The board voted to “store” the plaque while it takes public comment over 90 days.

George P. Bush, the anti-Tejano crusader who stole millions from the Alamo preservation fund, and signed an order to disassemble (tear down) the monument to our Alamo defenders in San Antonio, congratulated Abbott and Patrick’s submissive and treacherous vote to remove the plaque commemorating our fallen Confederate soldiers.

There are more than 180 public symbols of the Confederacy around Texas, including about a dozen on Capitol grounds.

With the sincerity of Foghorn Leghorn, Abbott now holds up the legal opinion of Attorney General Ken Paxton as the reason he is duty-bound to perform the task, but Paxton only issued a legal opinion on the matter because Abbott’s office requested it.

For non-Texan readers: requesting legal opinions from the attorney general is widely understood as a typical way the Texas executive branch shifts blame and transfers the locus of responsibility.

Abbott’s actions are having far-reaching consequences in other parts of the great state.
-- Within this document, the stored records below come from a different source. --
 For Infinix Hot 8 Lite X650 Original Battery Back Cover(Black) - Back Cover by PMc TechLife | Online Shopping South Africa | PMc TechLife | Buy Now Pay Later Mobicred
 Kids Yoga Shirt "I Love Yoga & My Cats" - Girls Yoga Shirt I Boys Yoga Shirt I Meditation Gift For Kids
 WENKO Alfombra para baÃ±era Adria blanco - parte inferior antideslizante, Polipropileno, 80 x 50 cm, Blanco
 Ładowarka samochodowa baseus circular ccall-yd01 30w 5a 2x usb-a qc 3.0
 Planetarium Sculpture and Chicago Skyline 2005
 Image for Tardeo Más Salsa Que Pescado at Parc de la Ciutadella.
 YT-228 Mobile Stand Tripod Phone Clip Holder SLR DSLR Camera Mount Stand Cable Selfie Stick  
At a debate in Georgetown, Texas Jan. 29 sponsored by Georgetown Community Forum (GCF) , “Should the Confederate Statue In Georgetown Be Removed?” things got heated when one of the speakers was rudely interrupted by an audience member loudly exclaiming, “How long have you been a black woman!?”

Unfortunately, the videographer did not continue recording after these comments were made by the attendee. But other examples of lunacy abound in the footage obtained by Big League Politics.
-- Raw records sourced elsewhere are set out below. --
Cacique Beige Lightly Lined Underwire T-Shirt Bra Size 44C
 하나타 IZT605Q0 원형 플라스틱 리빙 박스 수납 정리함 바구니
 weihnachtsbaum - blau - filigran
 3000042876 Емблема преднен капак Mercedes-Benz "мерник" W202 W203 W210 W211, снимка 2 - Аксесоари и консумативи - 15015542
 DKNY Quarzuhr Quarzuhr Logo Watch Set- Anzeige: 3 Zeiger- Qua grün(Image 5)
Col. Shelby Little, a guest speaker in favor of keeping the statue, read a quote from President Abraham Lincoln revealing that Lincoln once passionately supported slavery and viewed African-Americans as “inferior,” for example. The audience members closest the camera, who clearly oppose the statue remaining, did not hesitate before loudly exclaiming: “SO?!”

The full event can be viewed in its entirety here

Georgetown is ironically the city where the KKK met its doom in the Lone Star State, and is located in Williamson County — one of few counties that voted against secession.

And that’s the point: history is not a 2+2=4 paradigm. It’s full of nuance, context, and subjective experience. Consider Robert E. Lee, statues of whom have been shrouded in black tarps, even urinated on by lawless mobs of college students in ninja costumes.

Lee began to emancipate his slaves before the Civil War, standing in total contradiction to the cartoon character liberals created to justify mob rule. Moreover, unlike Ulysses S. Grant’s wife, Mrs. Lee “tutored slaves in basic reading and writing so that each could read the Bible” continuing the practice “even though Virginia law prohibited the education of slaves by the 1840s,” according to the National Park Service.

Likewise, George Washington freed all his slaves. Thomas Jefferson authored a measure in Congress seeking to outlaw slavery in new states, which fell one vote short. “God’s justice cannot sleep forever,” he wrote after the vote.

Jefferson also compensated his slaves and gave them first-rate living quarters.

Sadly, facts are irrelevant to statue fanatics. They “feel” offended, and are willing to tear down history, instead of walking to work another way or changing the channel.

Democrats who once lauded the fallen heroes of the confederacy, have now made it their mission to get offended about their own statues — as loudly as possible. And Republicans — who have the actual reins of political power — are acting like it’s the Surrender at Appomattox, rather than the Battle of Bunker Hill.

The Texas Republican majority have zero excuses. No more dominoes can fall. Georgetown is the new Fort Sumter if we fail.